**EXTRACTED ENTRIES:**
○ ○ ○ ○

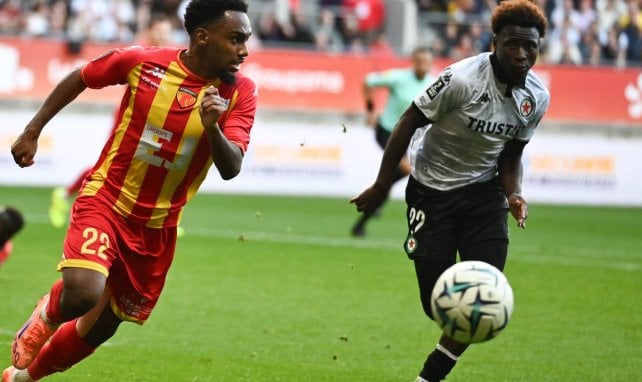 Le Mans FC : Lucas Calodat est courtisé 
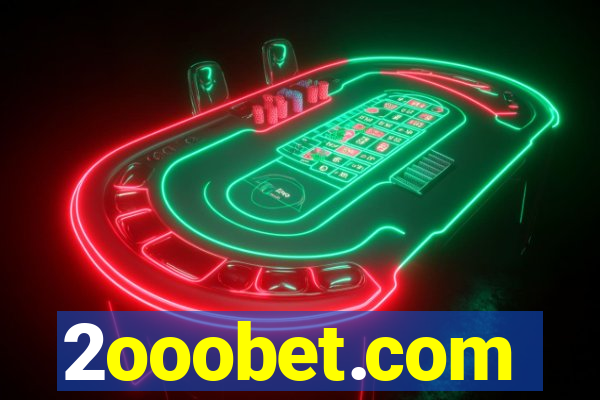 2ooobet.com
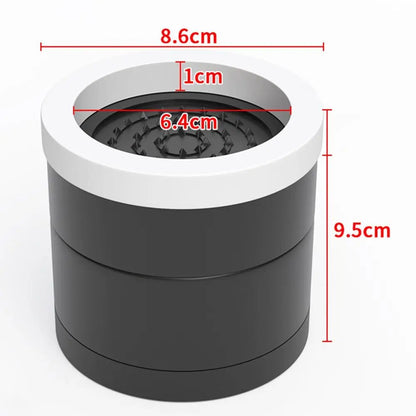 Raise Height Bed Lifts Non-slip Bed Riser Shockproof Legs for Furniture Durable Furniture Booster Anti Vibration Pads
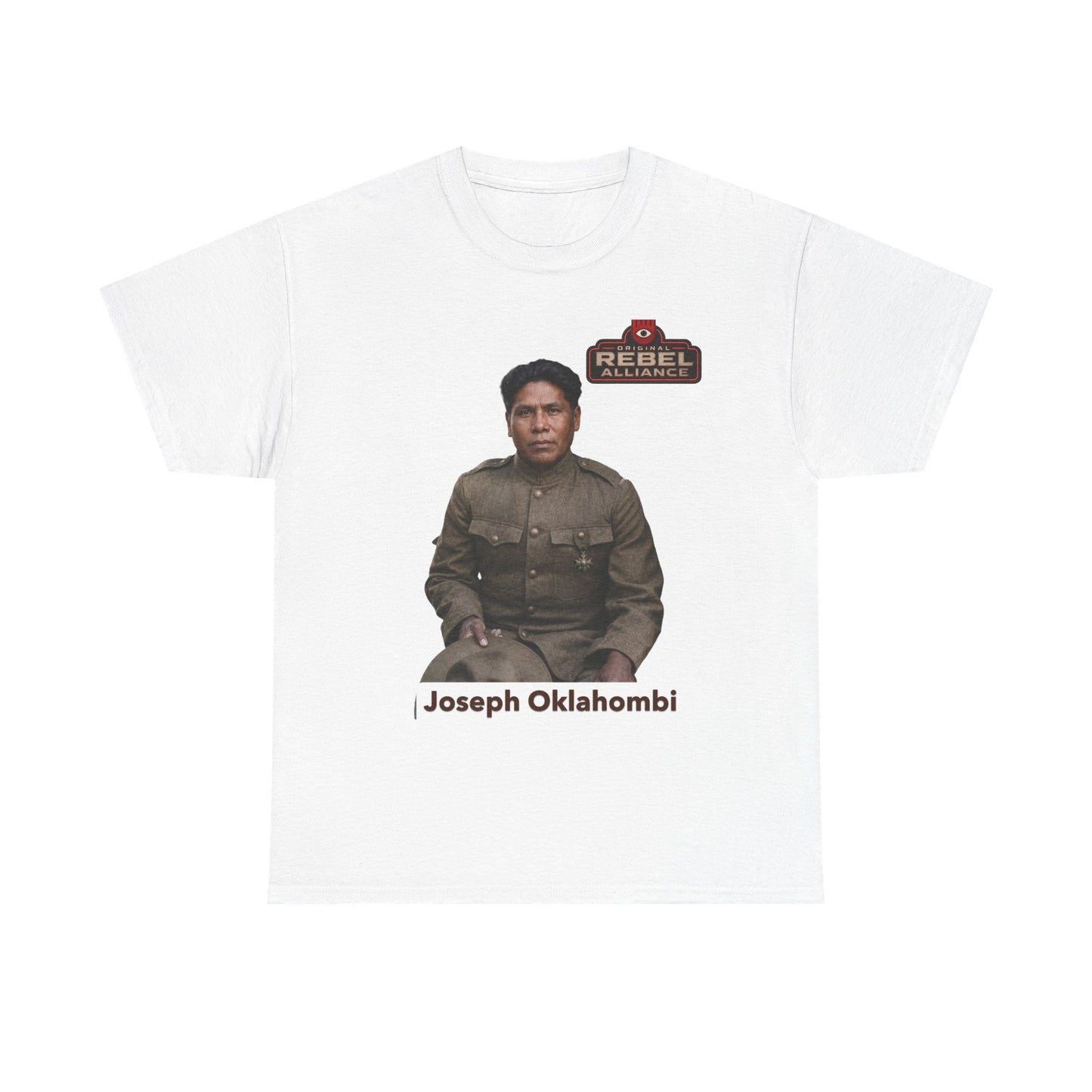 Oklahombi Tee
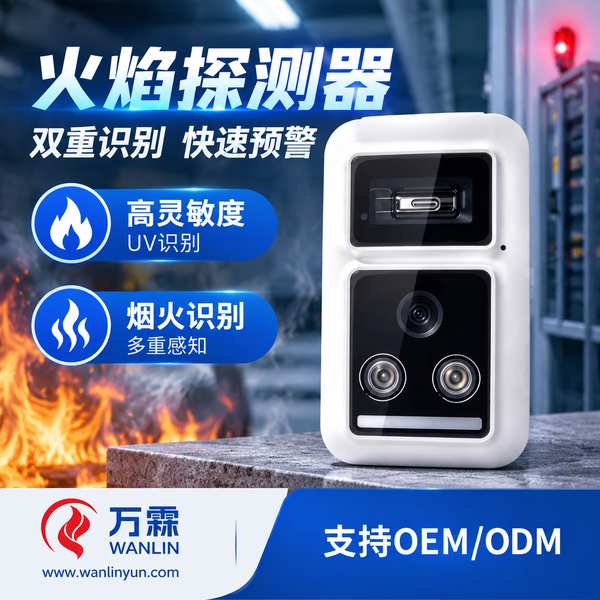 江西防爆火焰探测器哪家好？易燃易爆场所防爆配置指南与源头厂家直供指南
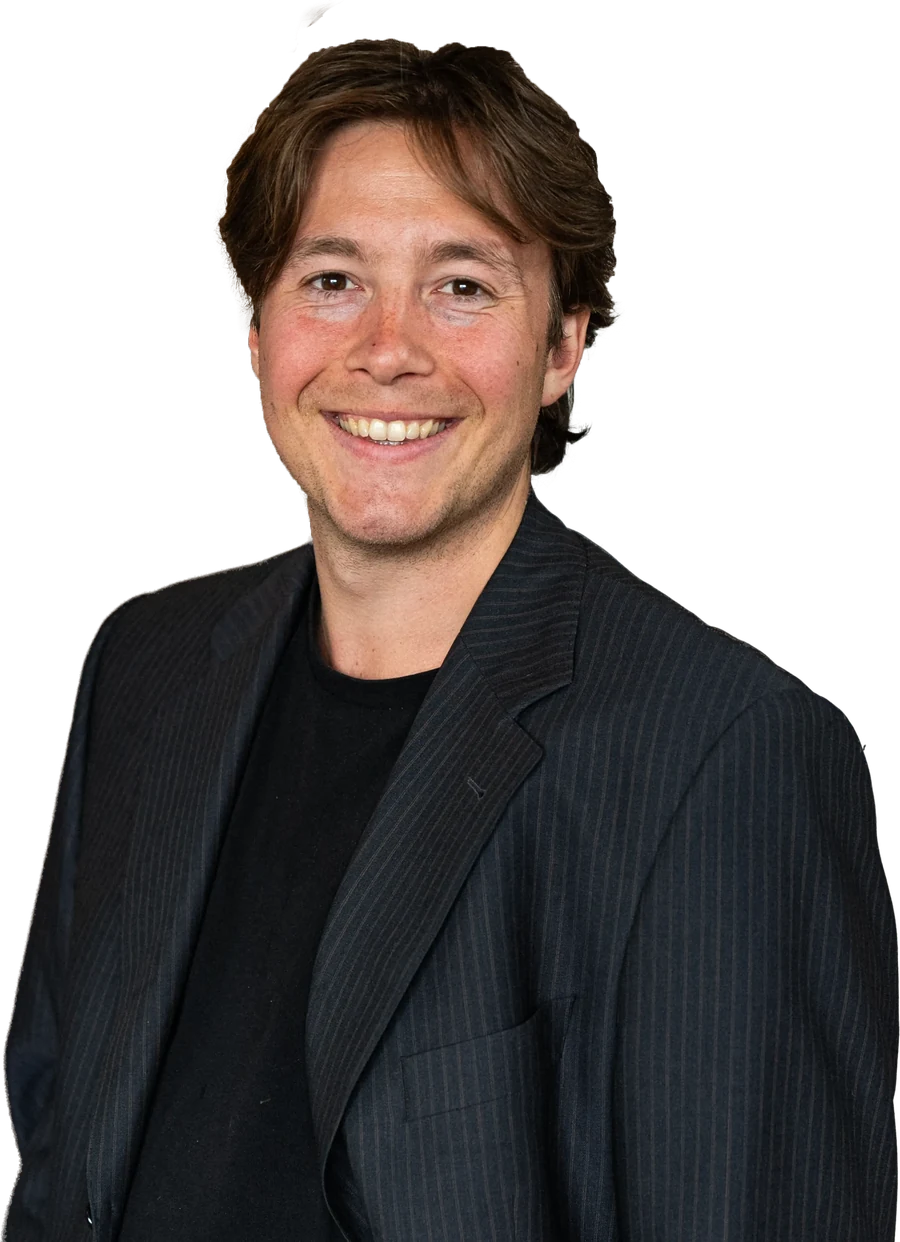 Carl Rehme, BI- och IT-konsult på CIFR i Linköping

○ ○ ○ ○

**TRY IT:**
Print all the lines above again exactly, without any pictures.

**ANSWER BELOW:**
 Le Mans FC : Lucas Calodat est courtisé 
 2ooobet.com
 Raise Height Bed Lifts Non-slip Bed Riser Shockproof Legs for Furniture Durable Furniture Booster Anti Vibration Pads
 Oklahombi Tee
 江西防爆火焰探测器哪家好？易燃易爆场所防爆配置指南与源头厂家直供指南
 Carl Rehme, BI- och IT-konsult på CIFR i Linköping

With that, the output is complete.